** Activity **
In the entries below, find the line with "If I Don’t Die" and the line with "Jon Allen - Deep River CD"; give again those lines and every line between them, exactly.

** Web page caption snippets **
[Start of Attachment]
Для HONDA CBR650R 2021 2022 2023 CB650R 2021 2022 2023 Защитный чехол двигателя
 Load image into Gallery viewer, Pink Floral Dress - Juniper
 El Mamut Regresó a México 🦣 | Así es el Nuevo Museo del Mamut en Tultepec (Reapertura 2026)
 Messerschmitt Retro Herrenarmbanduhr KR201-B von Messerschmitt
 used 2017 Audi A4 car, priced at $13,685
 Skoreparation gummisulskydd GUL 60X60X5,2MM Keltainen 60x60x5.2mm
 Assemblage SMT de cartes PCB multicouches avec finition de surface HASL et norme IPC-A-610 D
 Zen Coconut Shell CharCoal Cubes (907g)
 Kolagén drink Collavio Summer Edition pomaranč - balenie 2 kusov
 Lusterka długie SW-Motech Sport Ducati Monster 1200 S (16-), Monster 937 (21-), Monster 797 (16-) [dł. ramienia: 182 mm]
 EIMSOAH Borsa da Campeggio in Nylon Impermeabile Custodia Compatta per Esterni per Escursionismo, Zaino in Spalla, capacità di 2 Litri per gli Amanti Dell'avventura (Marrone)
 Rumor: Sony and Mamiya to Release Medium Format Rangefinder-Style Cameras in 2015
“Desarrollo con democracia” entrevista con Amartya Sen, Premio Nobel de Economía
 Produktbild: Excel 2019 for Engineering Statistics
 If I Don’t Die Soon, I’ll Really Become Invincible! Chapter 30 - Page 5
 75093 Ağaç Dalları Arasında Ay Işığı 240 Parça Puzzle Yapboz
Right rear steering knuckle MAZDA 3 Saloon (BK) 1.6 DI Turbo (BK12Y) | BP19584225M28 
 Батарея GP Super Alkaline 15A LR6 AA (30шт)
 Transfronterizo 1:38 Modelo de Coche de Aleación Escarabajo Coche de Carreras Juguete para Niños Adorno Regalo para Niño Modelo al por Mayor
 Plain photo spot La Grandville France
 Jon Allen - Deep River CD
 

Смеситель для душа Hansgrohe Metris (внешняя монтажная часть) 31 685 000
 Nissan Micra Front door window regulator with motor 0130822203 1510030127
[End of Attachment]
** Exercise response **
 If I Don’t Die Soon, I’ll Really Become Invincible! Chapter 30 - Page 5
 75093 Ağaç Dalları Arasında Ay Işığı 240 Parça Puzzle Yapboz
Right rear steering knuckle MAZDA 3 Saloon (BK) 1.6 DI Turbo (BK12Y) | BP19584225M28 
 Батарея GP Super Alkaline 15A LR6 AA (30шт)
 Transfronterizo 1:38 Modelo de Coche de Aleación Escarabajo Coche de Carreras Juguete para Niños Adorno Regalo para Niño Modelo al por Mayor
 Plain photo spot La Grandville France
 Jon Allen - Deep River CD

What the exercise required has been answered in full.